Start of RECORDS PROVIDED

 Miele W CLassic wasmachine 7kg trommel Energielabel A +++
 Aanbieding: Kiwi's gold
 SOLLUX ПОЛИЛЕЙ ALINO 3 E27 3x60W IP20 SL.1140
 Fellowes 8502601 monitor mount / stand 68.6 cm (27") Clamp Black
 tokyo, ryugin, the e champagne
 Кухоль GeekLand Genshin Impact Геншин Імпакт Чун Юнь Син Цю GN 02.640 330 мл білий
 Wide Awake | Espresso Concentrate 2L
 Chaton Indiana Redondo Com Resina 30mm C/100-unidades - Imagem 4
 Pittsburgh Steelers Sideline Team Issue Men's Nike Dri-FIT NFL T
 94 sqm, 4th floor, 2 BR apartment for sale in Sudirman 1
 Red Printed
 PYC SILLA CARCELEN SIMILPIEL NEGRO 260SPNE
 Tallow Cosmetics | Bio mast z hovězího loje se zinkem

End of RECORDS PROVIDED
Start of RECORDS PROVIDED

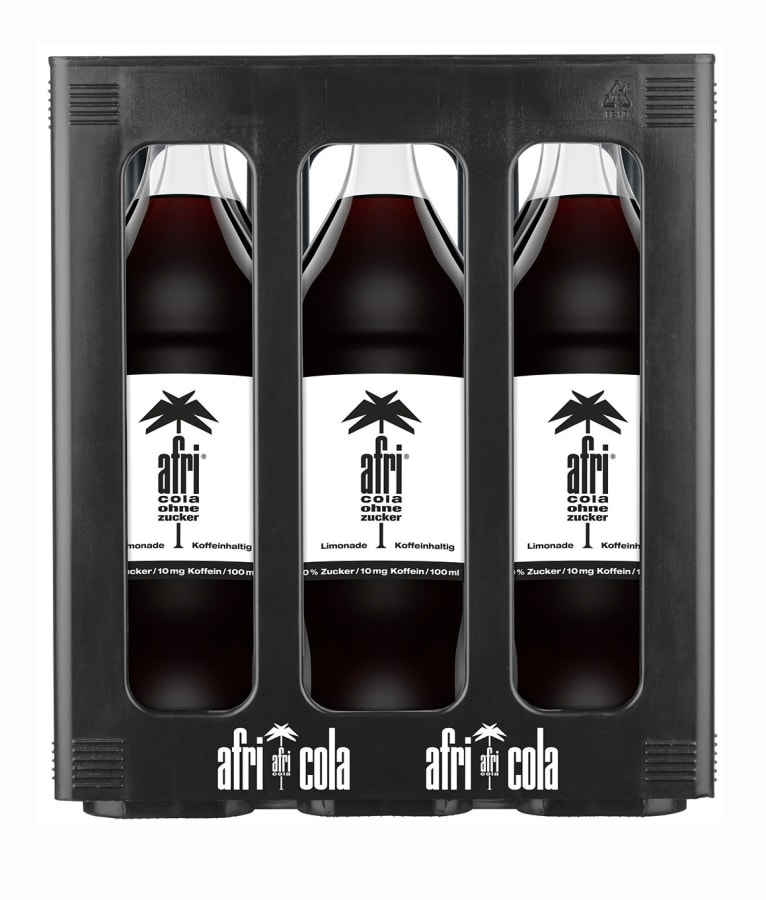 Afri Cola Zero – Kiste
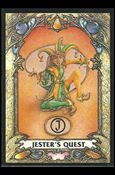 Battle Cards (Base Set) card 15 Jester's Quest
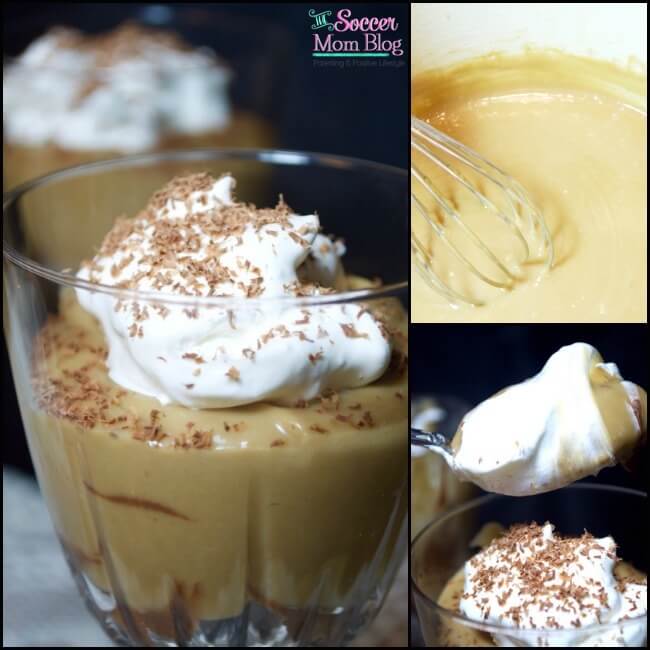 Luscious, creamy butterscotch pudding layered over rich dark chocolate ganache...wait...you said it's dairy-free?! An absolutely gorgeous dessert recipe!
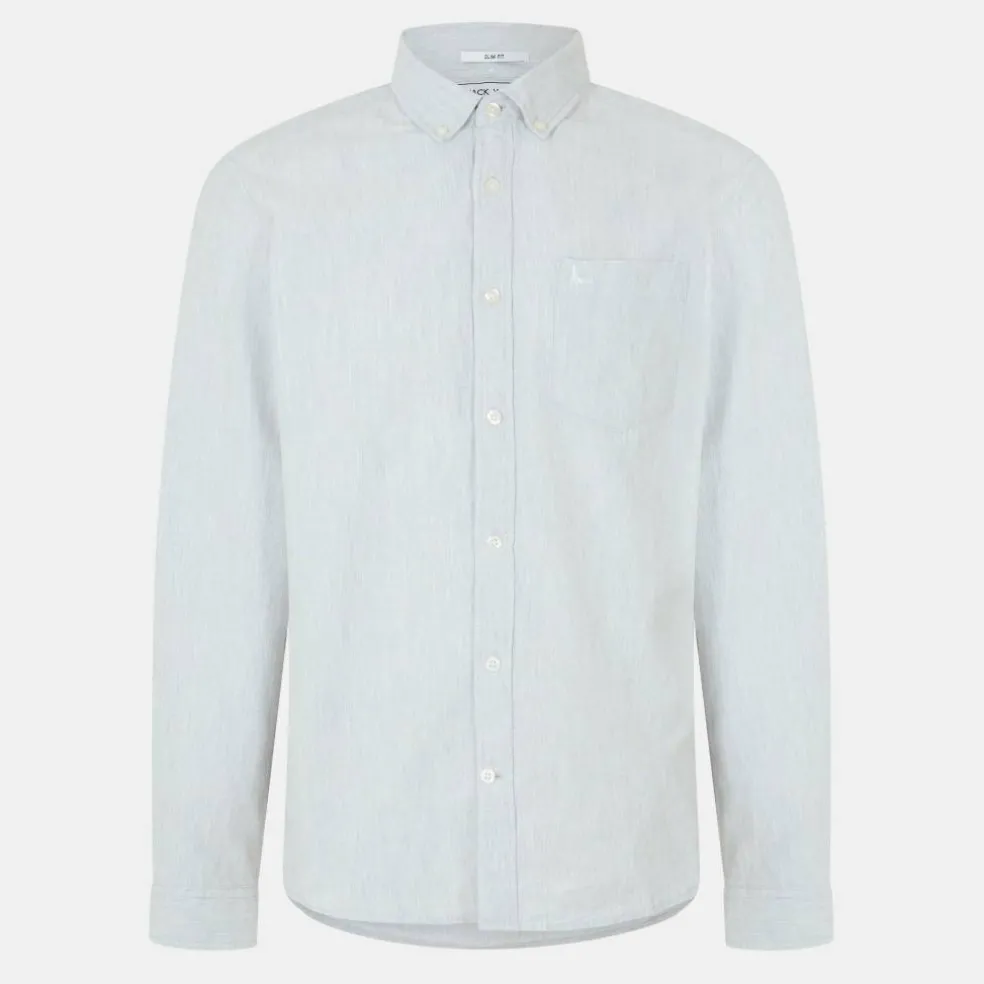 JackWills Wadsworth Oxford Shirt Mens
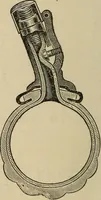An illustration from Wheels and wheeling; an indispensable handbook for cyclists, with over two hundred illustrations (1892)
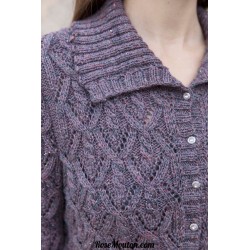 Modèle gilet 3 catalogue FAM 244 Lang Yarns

End of RECORDS PROVIDED
Start of RECORDS PROVIDED

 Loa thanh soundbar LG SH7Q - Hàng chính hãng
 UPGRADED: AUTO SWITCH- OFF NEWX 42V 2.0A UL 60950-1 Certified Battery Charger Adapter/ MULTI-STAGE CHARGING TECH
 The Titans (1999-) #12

End of RECORDS PROVIDED

> [WHAT IS EXPECTED]:
Beginning with the line that has "Aanbieding: Kiwi's gold" and ending with the line that has "Tallow Cosmetics |", set down the lines above exactly and include no others.

> [WRITTEN RESPONSE]:
 Aanbieding: Kiwi's gold
 SOLLUX ПОЛИЛЕЙ ALINO 3 E27 3x60W IP20 SL.1140
 Fellowes 8502601 monitor mount / stand 68.6 cm (27") Clamp Black
 tokyo, ryugin, the e champagne
 Кухоль GeekLand Genshin Impact Геншин Імпакт Чун Юнь Син Цю GN 02.640 330 мл білий
 Wide Awake | Espresso Concentrate 2L
 Chaton Indiana Redondo Com Resina 30mm C/100-unidades - Imagem 4
 Pittsburgh Steelers Sideline Team Issue Men's Nike Dri-FIT NFL T
 94 sqm, 4th floor, 2 BR apartment for sale in Sudirman 1
 Red Printed
 PYC SILLA CARCELEN SIMILPIEL NEGRO 260SPNE
 Tallow Cosmetics | Bio mast z hovězího loje se zinkem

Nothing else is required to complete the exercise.